Butler stars as a former soccer star who is now down in the dumps and struggling financially. He doesn’t have a job and is living in someone’s carriage house, the rent of which he’s yet to pay. But he makes some effort at being in the life of his young son by ex-wife Biel. One day, he finds himself recruited to be his son’s new soccer coach. There he has all kinds of parents tugging at him for one thing or another. Dennis Quaid plays a wealthy businessman who wants his daughter to sing the National Anthem before games and his son to play more. He lavishes Butler money and a Ferrari to borrow. His wife, played by Uma Thurman, as well as two other soccer moms–an annoying Judy Greer and a creepy Catherine Zeta-Jones–try to sleep with him (and the latter two succeed at that). But, soon, Butler learns that his ex–with whom he’s still in love–is getting remarried. And, finally, he begins to grow up, just as he’s also on his way to a job with ESPN.
This wasn’t as bad as I thought it would be and could have been a lot worse. But it’s bad enough. The jokes in this are gross, flat, and stupid. And not funny. And there’s nothing new here. If there is anything redeeming, it’s the relationship between the father and his son, when the father begins to grow up and eventually does the right things. But that wasn’t enough to redeem this disaster which seems like a movie best reserved for the movie pet cemeteries of January and August, not the holiday big movie month of December.
I recently read a Wall Street Journal article about Butler’s role in this movie, which asked, “Can an actor come back from playing a dad?” The question they should have asked: “Can an actor come back from playing crappy roles in crappier movies?” Judging on Butler’s career of dud after dud, the answer seems to be a resounding, “NO.”
HALF A MARX
* “Burn“: This documentary about Detroit firemen (I refuse to use the politically correct “firefighters”–there ain’t a single woman in this, either, and she couldn’t do the job, a point that is strangely missing from this flick) has actor Denis Leary connected to it as an executive producer. One the one hand, it is interesting in terms of what firemen go through on a regular basis. For example, it’s quite obvious–but something I never thought of, that firemen regularly get struck with bath tubs that fall through the floors of burning buildings. That’s rough. Also rough is getting hit by falling bricks, as one fireman does, and he loses most mobility in his lower extremities, sentenced to a wheelchair for most of the rest of his life.
That and other sacrifices the firemen make are well portrayed in this film.
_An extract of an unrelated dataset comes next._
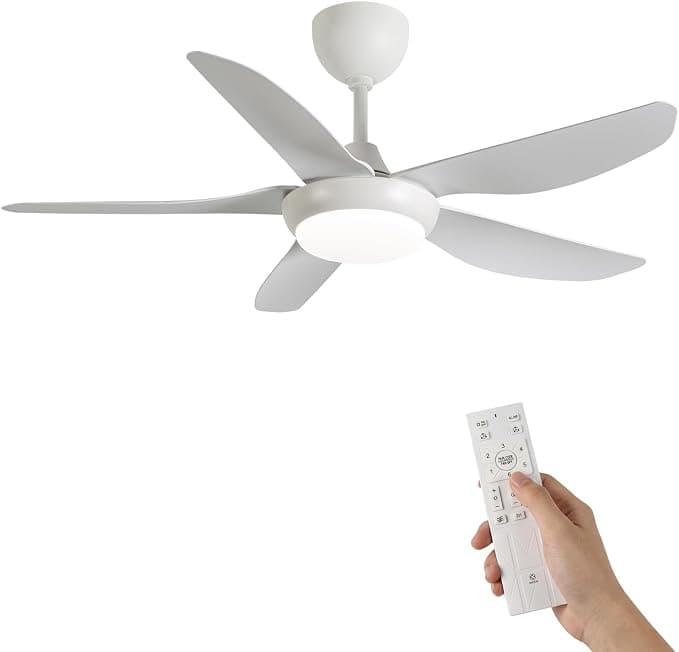 Ventilador de techo Woox Ventilador de Techo con Luz, 101cm Ventilador Moderno Color de la Madera, LED Regulable 3000K-6000K con Mando a Distancia, Reversible, 6 Velocidades, Silencioso para Dormitorio y Salón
All of them must take a second job to pay the rent, and in the particular unit that is the focus of this film, many do roofing and construction jobs. And they expose themselves to danger that is unique to Detroit, which has about 80,000 abandoned homes and countless abandoned buildings. These structures are in such bad repair that the firemen are in danger whenever they answer the call to put out one of the many fires there.
Detroit has about 13 fires a night during the summer, according to this movie, and more fires set per night than even New York City, which has ten times Detroit’s population. And, yet, Detroit doesn’t have the money to provide proper equipment and working gear for the firemen. Because of that, sometimes people die, such as a young girl in a burning home who could have been saved, if only they’d had a truck with a working hose. They didn’t have one.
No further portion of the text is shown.